How to recover from long term Data Center outages in XDR

The Aerospike Knowledge Base has moved to https://support.aerospike.com. Content on https://discuss.aerospike.com is being migrated to either https://support.aerospike.com or https://docs.aerospike.com. Maintenance on articles stored in this repository ceased on December 31st 2022 and this article may be stale. If you have any questions, please do not hesitate to raise a case via https://support.aerospike.com.

How to recover from long term Data Center outages in XDR

Context

This article applies to Aerospike versions 3.13.0.6+ and 3.14.1.2+. In a scenario where two Data Centers are using XDR to synchronise one or many namespaces there may be an outage on a Data Center.
For short term outages, such as a network issue, XDR will handle this automatically via link down processing.
When there has been a longer term outage during which the digest log has overflowed on the source it may be necessary to take manual steps to recover from the outage.

When the digest log (which is a ring buffer) has overflowed, the following string can be found in the log:

Digest log file overflow. Losing XDR records.

Earlier versions would print the following string:

Digest log got wrapped. Continuing from the current start marker

The consequence of an overflow in the digest log is that the oldest entries will be overwritten and those changes may not be shipped (if no further updates to those records were made subsequently). Whenever either xdr_queue_overflow_error or dlog_overwritten_error is not zero, the destination Data Center may be missing some updates.

At this point the topology of XDR becomes significant. Consider following two scenarios,

  • Case 1: active-passive topology, where Data Center 1 (DC1) ships changes to Data Center 2 (DC2).
  • Case 2: active-active topology, meaning that both Data Centers are shipping changes to each other.

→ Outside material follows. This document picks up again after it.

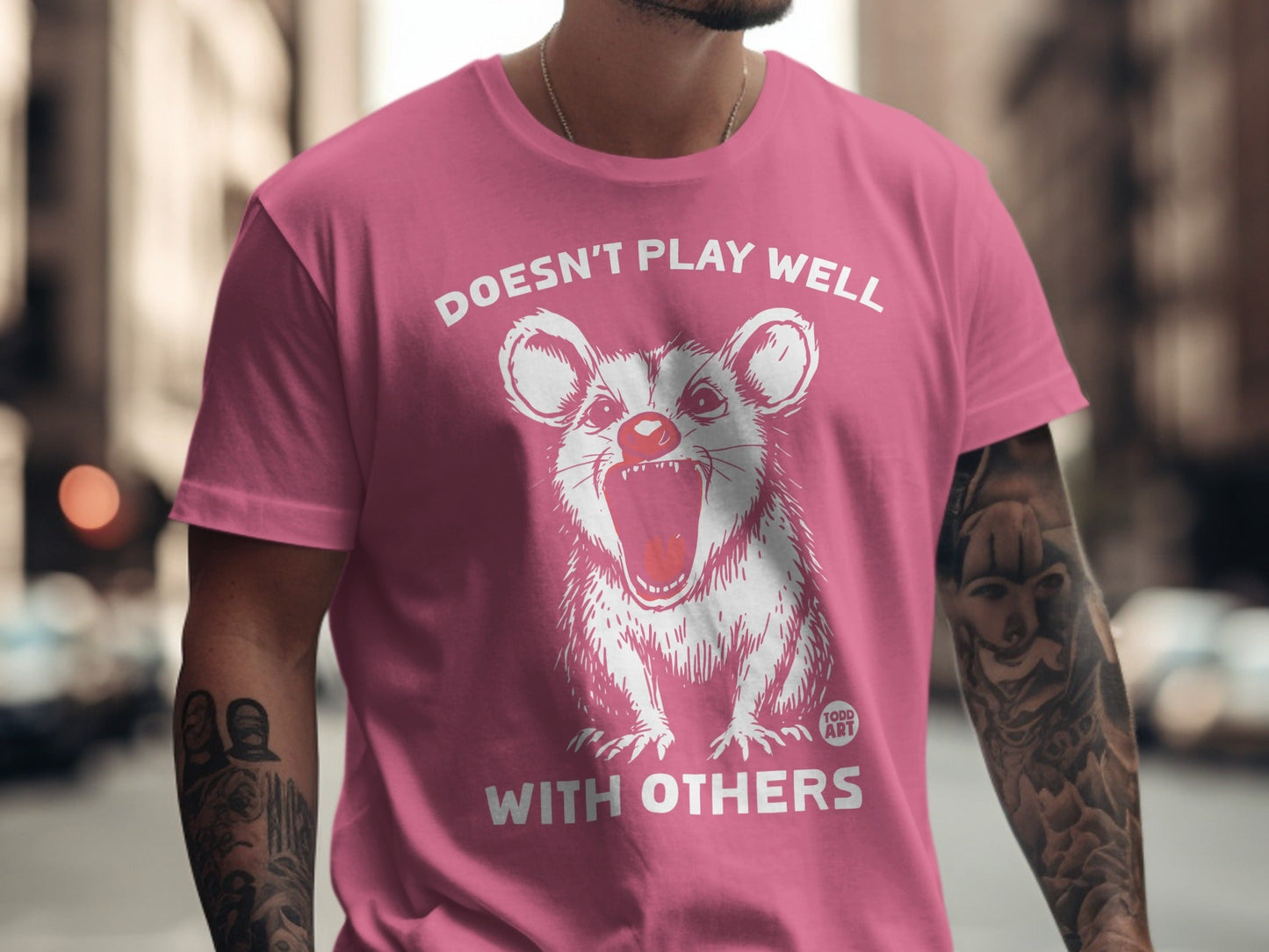Pink t-shirt with white graphic of a rat-like creature and text "Doesn't Play Well With Others".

In the following example, let’s assume DC2 has become unavailable and the digest log on DC1 has overflowed.

Make sure the cluster is stable and there are no xdr_active_failed_node_sessions.

Case-1

  1. If DC2 is still down get DC2 back up to force linked down processing to kick in from DC1. Else, skip this step and proceed further. This is required to get the cluster state from CLUSTER_DOWN to CLUSTER_WINDOWSHIP to drain the digestlog completely.

  2. Disassociate DC2 from the NS1 namespace dynamically:

asadm -e "asinfo -v 'set-config:context=namespace;id=NS1;xdr-remote-datacenter=DC2;action=remove'"

Since there is no destination to ship to for this namespace, the link down processing should finish quickly. If multiple namespaces are shipping to DC2 then it is required to disassociate DC2 from all those namespaces.

  1. Wait for link down processing to complete. Check for xdr_active_link_down_sessions and xdr_ship_outstanding_objects to get to zero.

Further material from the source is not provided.